Revenge killings in 1945 and their absence from the historical narrative in Singapore

RIS ID

93759

Publication Details

Lim, J. (2015). Revenge killings in 1945 and their absence from the historical narrative in Singapore. In C. Twomey and E. Koh (Eds.), The Pacific War: Aftermaths, Remembrance and Culture (pp. 152-165). United Kingdom: Routledge.

Additional Publication Information

ISBN: 9780415740647

Abstract

There is a brief period in the immediate aftermath of the Second World War in Singapore that has remained largely neglected in public memory.

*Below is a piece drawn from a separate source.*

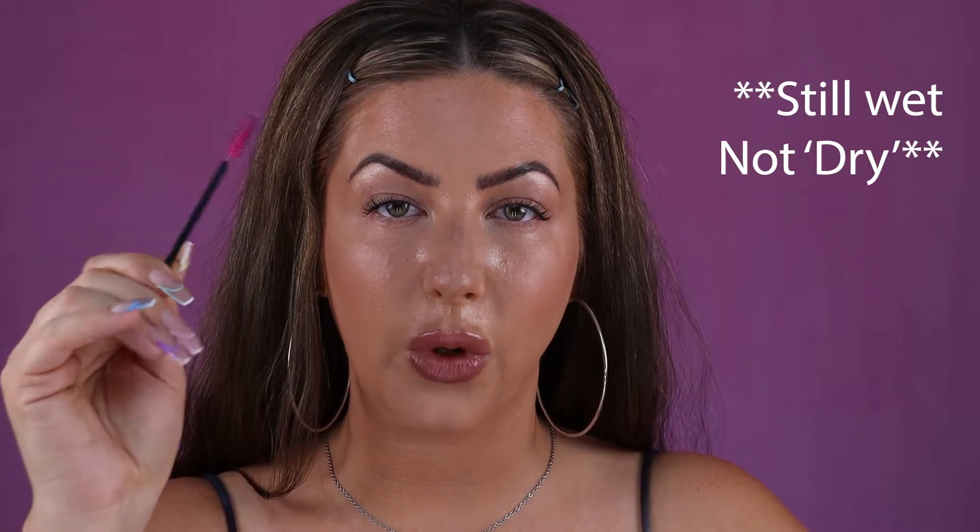While that first coat's still wet, I'm going to come in with my spoolie and gently brush it out to make sure none of the lashes are sticking together — we don't want any clumps. Always remember, you want to be brushing your eyelashes in between each and every coat of mascara. I'm going to let that dry down just a little bit before going in with my second coat. I want to make sure it's only dried a little bit and not all the way — if it's too wet the lashes could stick together, but if it's fully dry you could end up with clumps. There's a fine line of making sure it's just dry enough, but not too dry.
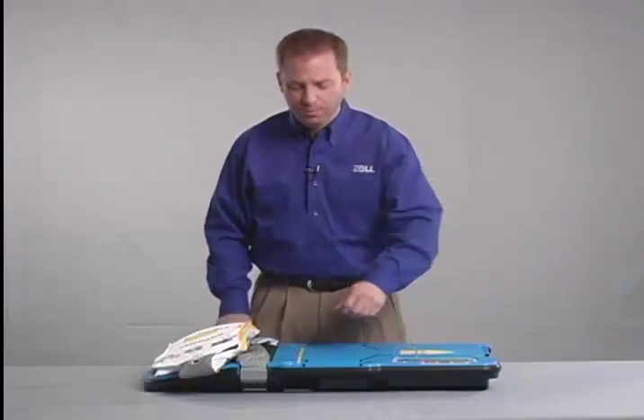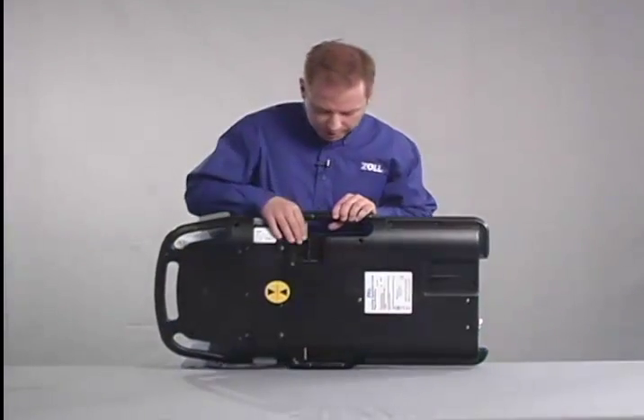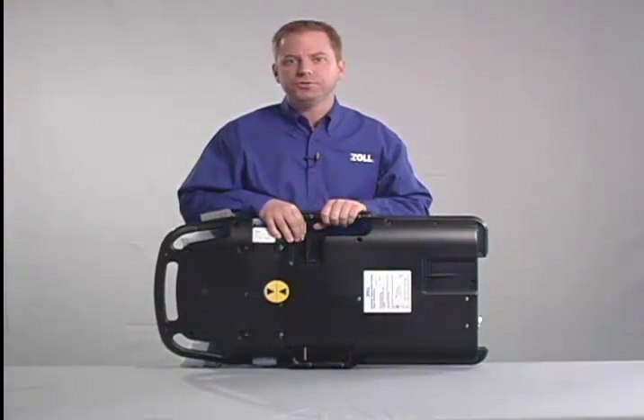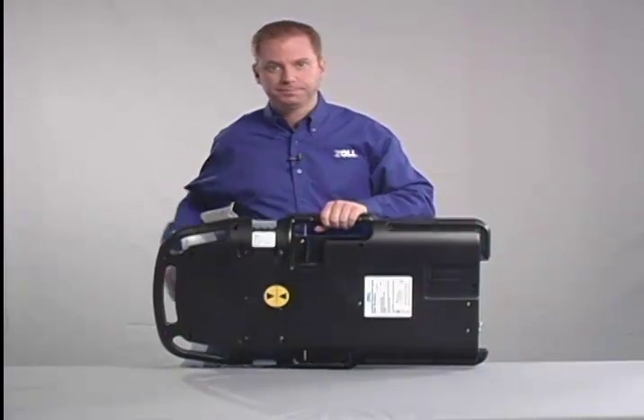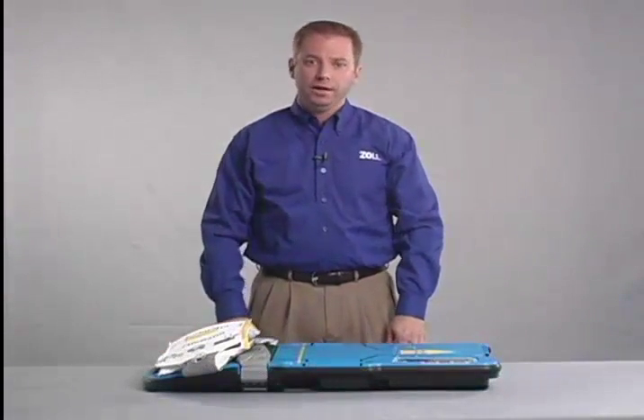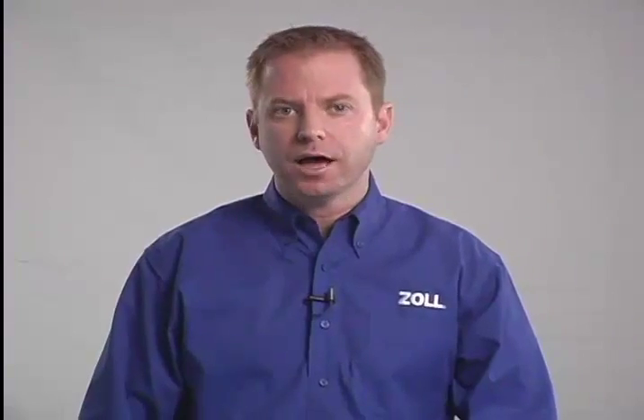There are two vents on the back of the Autopulse. It is important to make sure that the vents do not get blocked with clothing or bedding. Although the Autopulse can work in the rain and other wet environments, do not allow it to be submerged in water. Consider it water resistant, but not waterproof.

Between 15 August 1945, when the Emperor of Japan ordered all units of the Japanese military to surrender, and 4 September 1945, when the British military landed in Singapore, there was a distinct absence of law and order. Collaborators were hunted down, assaulted and, in some cases, tortured and murdered. Utilising oral history accounts housed at the National Archives of Singapore (NAS) and personal memoirs, this chapter examines these revenge killings in Singapore. It also explores the reasons why, in Singapore, narratives about collaboration and revenge killings are absent from the public recollection of the Japanese Occupation during the Second World War.

The same forgetfulness about collaboration is evident even in Nanjing in China, where residents suffered Japanese violence from the fall of the city in 1937 until the end of the war. In 1940, the Japanese installed a puppet government headed by Wang Jingwei in Nanjing and proclaimed his regime to be the official government of the Republic of China (ROC). Wang died in Nagoya in 1944 and, when the war was over, the ministers of his administration were tried as traitors. In the official memory of the war today, both the ROC (Taiwan) and the People's Republic of China summarily dismiss these ministers and public servants as traitors. Yet there is nothing in their official works to suggest that these 'traitors' could have done things differently.